Un couteau suspendu au-dessus d’un oiseau mort, le regard vide de
mères de "martyrs", une tête décapitée, les yeux fixant le public : le
peintre et opposant syrien Youssef Abdelki expose ses tableaux pétris
des souffrances de la guerre.
La galerie d’art Tanit à Beyrouth accueille depuis le 5 février 30
tableaux de l’artiste de 62 ans, un des plus connus de Syrie : de ces
toiles, dessinées au fusain dans un style épuré, rejaillissent trois ans
d’une guerre qui a changé à jamais le visage de la Syrie.
Pour Youssef Abdelki, emprisonné par le régime en 2013 pendant plus d’un
mois pour ses idées politiques, peindre la guerre "était un parcours
quasi-inévitable".
"Il y a eu tellement de destructions, de sang (...) on est obligé de
peindre ce drame humain", affirme-t-il à l’AFP dans la galerie qui
expose son oeuvre jusqu’au 8 mars.
Le conflit, qui a fait plus de 136.000 morts, "pèse sur les idées et les
sentiments de tout poète, peintre ou musicien", ajoute l’artiste à la
chevelure blanche.
La majorité des toiles, peintes en noir et blanc —sa marque de fabrique—
ont été créées entre le début de la révolte en mars 2011 et jusqu’en
2013, en pleine guerre civile.
Parmi les tableaux les plus frappants, ceux des mères de "martyrs".
Sur l’un d’entre eux, une femme est agenouillée devant une chaise sur
laquelle est posée une photo de son fils mort.
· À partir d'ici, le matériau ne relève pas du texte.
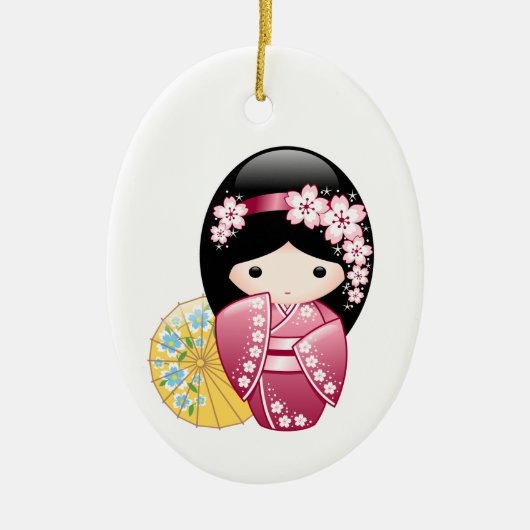 Spring Kokeshi Doll - Cute Japanese Geisha Keramisch Ornament (Voorkant)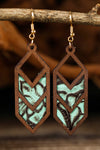 Mint Green Insert Wooden Hollowed Earrings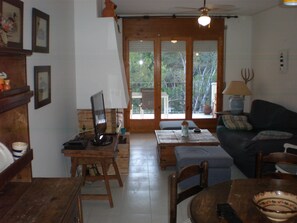 Smart TV, fireplace, DVD player, books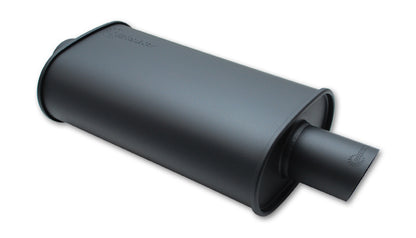 STREETPOWER FLAT BLACK O val Muffler 2.25in inlet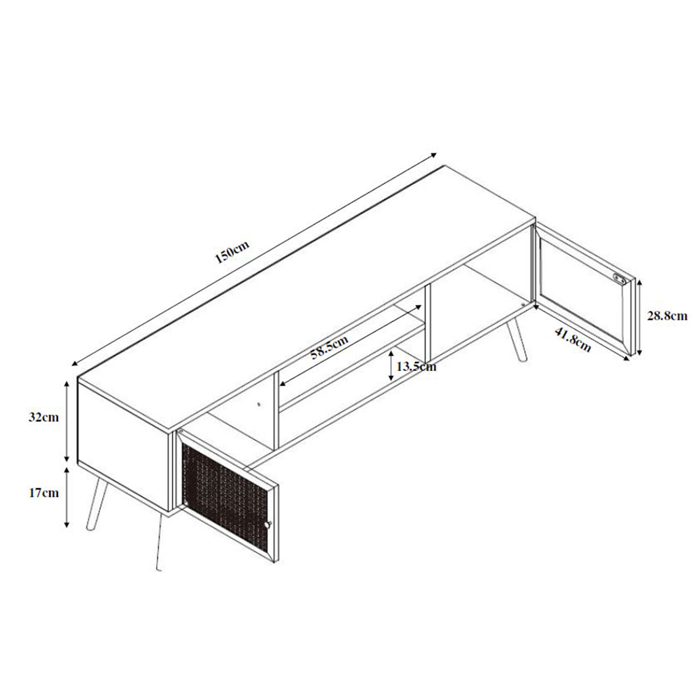 Liberta - Maison AMMOS TV Stand Fusiko me Rattan me 2 Portakia 150x39x49cm 05-0471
Ses mains sont jointes,
comme dans une prière, et posées sur sa bouche, comme pour ne pas crier
sa douleur.
Sur une autre toile, le regard vide de la mère portant le portrait de
son "martyr" traduit une souffrance indicible. Devant elle, une fillette
aux mains jointes comme dans une sage résignation devant l’horreur de
la guerre.
Il y aussi le "martyr de Douma", tête coupée mais les yeux bien ouverts
pour témoigner du drame dans cette ville rebelle assiégée près de Damas
ou encore le "martyr de Homs", "capitale de la révolution" : une main
géante près d’une épaisse tache de sang.
L’oeuvre touche visiblement le public, notamment une Damascène en visite à Beyrouth.
"Notre révolution est plus forte"
"C’est devenu ça mon pays, des mains ensanglantées, des têtes coupées, de la destruction", dit-elle à l’AFP, les yeux rougis.
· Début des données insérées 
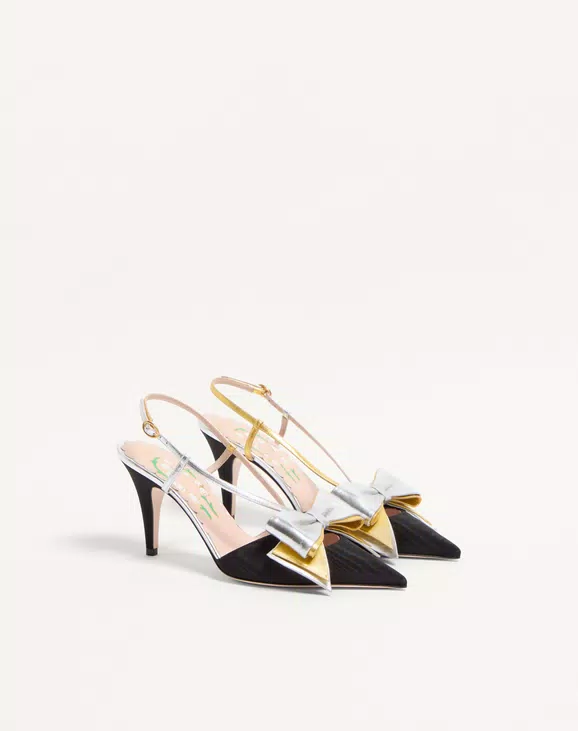 Valentino Bowow Slingback Pumps In Moirè Fabric 85Mm - Image 6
Les toiles rappellent aussi les premiers temps du soulèvement : dans un
tableau daté de 2011, un énorme couteau fait face à un petit papillon,
allégorie de la vulnérabilité des manifestants face à la machine
sécuritaire du régime.
Pour M. Abdelqi, "il n’y a pas de frontière" quand on dépeint les effets
dévastateurs la guerre. "Quand Goya a peint ’Les Fusillades du 3 mai’,
il parlait des exécutions dans les guerres du monde entier" et pas
seulement de la rébellion de mai 1808.
"Plus vous dessinez avec loyaulté, plus vous touchez le public",
poursuit le peintre, membre de l’opposition de l’intérieur qui appuie la
lutte anti-régime mais refuse toute intervention étrangère.
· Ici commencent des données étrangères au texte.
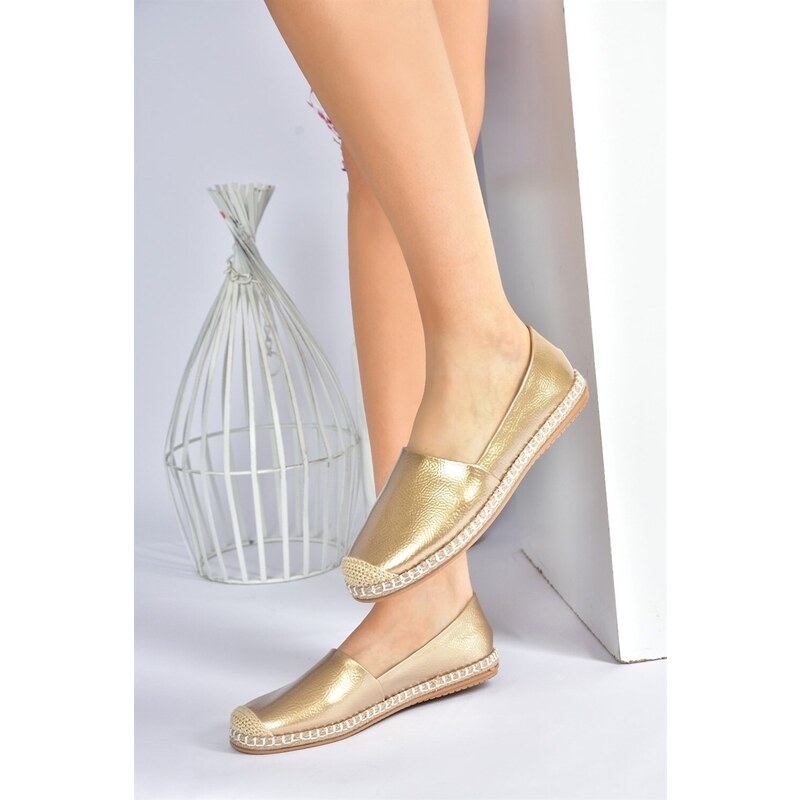 Fox Shoes Patent Leather Gold Casual Women's Shoes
Sa détention à l’été 2013, qui a suscité une vague d’indignation dans
les milieux artistique et intellectuel, le laisse quasi-indifférent.
"J’ai été emprisonné alors que des milliers de Syriens avaient été tués
et emprisonnés, c’est un petit détail face à ce drame épouvantable",
dit-il.
Arrêté déjà à la fin des années 70 pour son appartenance au Parti de
l’action communiste, il était parti à Paris où il a vécu 25 ans, avant
de rentrer en Syrie en 2005.
Ses personnages ne sont pas tous anonymes.
Dans un tableau intitulé "Hamza, Layal et les autres", on reconnaît le
visage de Hamza al-Khatib, premier "enfant martyr", dont le meurtre et
la torture ont été imputés par les militants aux forces de sécurité à
Deraa, berceau de la révolte. Son corps et celui d’un autre enfant
enveloppé d’un linceul sont entourés de pétales de fleurs.
On retrouve aussi Bassel Shehadé, réalisateur syrien et militant
pacifique tué à Homs en 2012 dans une opération de l’armée. Aux côtés
d’une caméra et d’une fleur, son visage souriant, reproduisant une photo
de lui, apparaît au centre de la toile, sur laquelle est écrit le nom
de Che Guevara.
Mais aussi cette phrase : "Notre révolution est plus forte".